• Task brief: Your answer must be the data repeated exactly, with no pictures in it.

• The data:
......

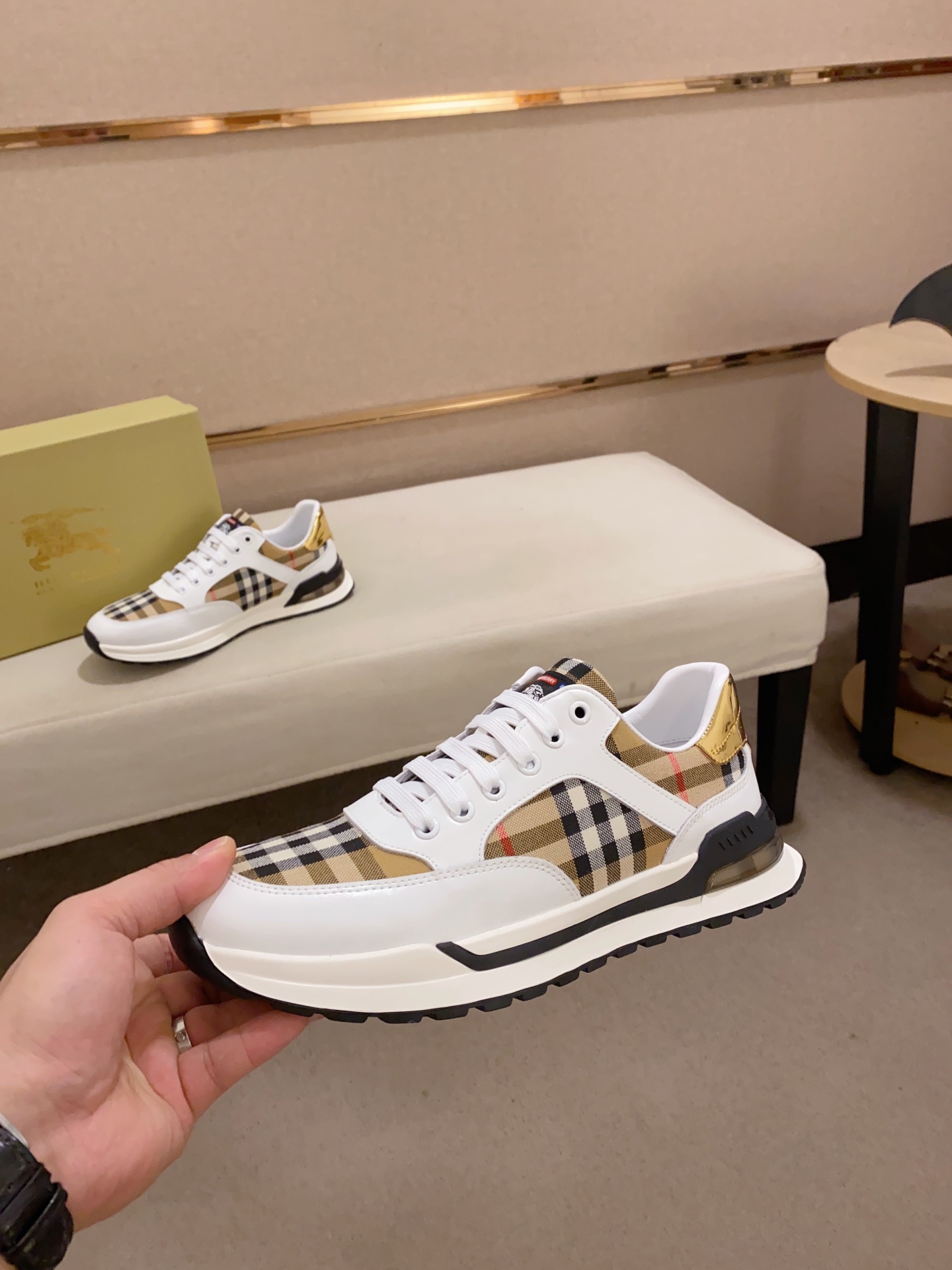Precio de fábrica:Sincronización de contadorBURBERRY Burberry generación superior de sincronización 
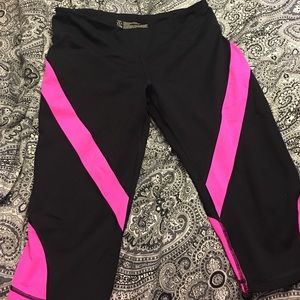VSX SPORT CROP CAPRI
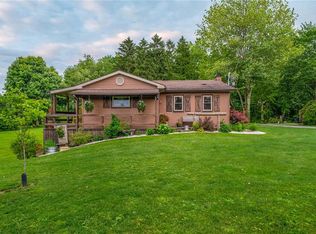 10084 Gavers Rd, Hanoverton, OH 44423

......

• Written solution:
Precio de fábrica:Sincronización de contadorBURBERRY Burberry generación superior de sincronización 
VSX SPORT CROP CAPRI
 10084 Gavers Rd, Hanoverton, OH 44423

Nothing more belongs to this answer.